Une nouvelle fois, le sort du combat politique actuel se joue sur la grande scène. En Europe, c’est avec les élections pour le parlement de Strasbourg, bien sûr. Mais surtout en Espagne avec l’élection générale, et aux États-Unis avec la préparation des primaires de l’élection présidentielle. Il est certain que la partie est globale. Le contexte le surligne. C’est celui de la marche à la crise financière d’une part, et de l’imminence du choc écologique de l’autre. Bien sûr.
Mais par-dessus tout règne une violence politique désormais répandue dans tous les médias, et à partir des systèmes judiciaires comme à peu d’autres moments du passé. Le grand quotidien New York Times est déchaîné contre Sanders. Tout est bon pour tenter d’enrayer son emprise croissante, la force simple de son programme social. Les photos bouches ouvertes et poing fermé, les accusations les plus ubuesques, tout y passe. De même en Espagne. Le grand quotidien El País est déchaîné contre Podemos et contre Pablo Iglesias en particulier. Dans ce pays, des digues avaient déjà été franchies avec la publication, entre autres, des échographies de Iréné Montero leader de Podemos et compagne de Pablo Iglesias.
À présent, l’exception révulsante est devenue la règle. Il est vrai que dans ces deux pays, ce qui se joue est considérable. La bascule des États-Unis n’est pas une simple figure rhétorique. L’élection d’Obama et ses deux mandats ont eu un effet de désorientation générale du type de l’« effet Hollande » sur les consciences populaires du pays. La bascule d’une large partie des secteurs populaires vers le trumpisme vient de là. Elle a été analysé par les démocrates américains et par leurs cousins sociaux-démocrates européens dans un prisme très étroitement anti-populaire. Cela a masqué ce fait majeur que les USA à leur tour étaient déjà largement engagé dans un processus « dégagiste ». Il avait commencé avec l’élection d’Obama. Il s’est amplifié en pure exaspération après l’élection de Trump. Ce processus continue sous nos yeux avec l’incroyable côte de Bernie Sanders depuis l’annonce de son engagement dans l’élection présidentielle. Sanders est donné gagnant face à Trump. Ce seul effet d’annonce est un démultiplicateur
En Espagne, Podemos n’aurait plus la même puissance électorale nous dit-on.

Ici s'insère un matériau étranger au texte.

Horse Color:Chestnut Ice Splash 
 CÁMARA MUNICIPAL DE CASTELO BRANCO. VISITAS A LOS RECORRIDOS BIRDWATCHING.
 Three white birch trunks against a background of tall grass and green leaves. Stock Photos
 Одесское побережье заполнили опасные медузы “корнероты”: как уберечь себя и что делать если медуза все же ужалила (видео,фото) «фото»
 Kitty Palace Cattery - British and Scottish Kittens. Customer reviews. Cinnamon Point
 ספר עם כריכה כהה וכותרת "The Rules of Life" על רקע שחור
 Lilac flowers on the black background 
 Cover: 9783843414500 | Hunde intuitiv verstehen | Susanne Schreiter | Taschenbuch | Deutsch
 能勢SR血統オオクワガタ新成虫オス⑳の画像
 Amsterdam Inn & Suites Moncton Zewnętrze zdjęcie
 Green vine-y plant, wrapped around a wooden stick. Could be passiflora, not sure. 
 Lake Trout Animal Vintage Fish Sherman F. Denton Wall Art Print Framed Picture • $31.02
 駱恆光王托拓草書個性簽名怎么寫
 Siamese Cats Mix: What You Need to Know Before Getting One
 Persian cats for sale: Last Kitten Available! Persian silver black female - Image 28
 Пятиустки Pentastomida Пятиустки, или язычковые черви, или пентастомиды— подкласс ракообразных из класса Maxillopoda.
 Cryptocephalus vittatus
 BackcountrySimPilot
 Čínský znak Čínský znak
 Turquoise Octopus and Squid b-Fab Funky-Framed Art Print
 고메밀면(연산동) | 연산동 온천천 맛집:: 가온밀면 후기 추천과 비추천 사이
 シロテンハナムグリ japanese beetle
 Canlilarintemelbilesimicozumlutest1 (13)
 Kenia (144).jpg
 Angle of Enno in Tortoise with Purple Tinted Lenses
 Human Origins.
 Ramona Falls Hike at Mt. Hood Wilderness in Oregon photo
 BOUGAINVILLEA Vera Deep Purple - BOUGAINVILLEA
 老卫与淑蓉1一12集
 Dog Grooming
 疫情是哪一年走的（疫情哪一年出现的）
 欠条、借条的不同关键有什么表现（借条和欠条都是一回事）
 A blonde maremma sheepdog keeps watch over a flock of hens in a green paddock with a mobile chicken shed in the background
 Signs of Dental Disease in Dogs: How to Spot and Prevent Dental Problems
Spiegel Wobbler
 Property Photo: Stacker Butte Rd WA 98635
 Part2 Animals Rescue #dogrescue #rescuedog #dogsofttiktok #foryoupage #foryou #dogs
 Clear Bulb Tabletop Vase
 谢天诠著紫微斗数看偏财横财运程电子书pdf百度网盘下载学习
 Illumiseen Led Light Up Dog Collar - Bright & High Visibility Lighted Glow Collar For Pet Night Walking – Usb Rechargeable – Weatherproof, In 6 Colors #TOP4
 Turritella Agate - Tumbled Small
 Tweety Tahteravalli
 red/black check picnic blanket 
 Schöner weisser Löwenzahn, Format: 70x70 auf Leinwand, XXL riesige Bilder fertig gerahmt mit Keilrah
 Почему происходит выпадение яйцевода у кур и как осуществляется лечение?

Mais sa puissance politique est décuplée puisque c’est de lui que dépend l’existence d’un nouveau gouvernement du PSOE. Comme il y a quelques semaines, le programme d’un tel gouvernement dépend des concessions faites à Podemos. C’est là le pire pour l’oligarchie espagnole. Elle joue donc pour que l’alternative éventuelle au retour de la droite flanquée de l’extrême droite soit dans une alliance du PSOE avec la formation centriste de droite « Ciudadanos »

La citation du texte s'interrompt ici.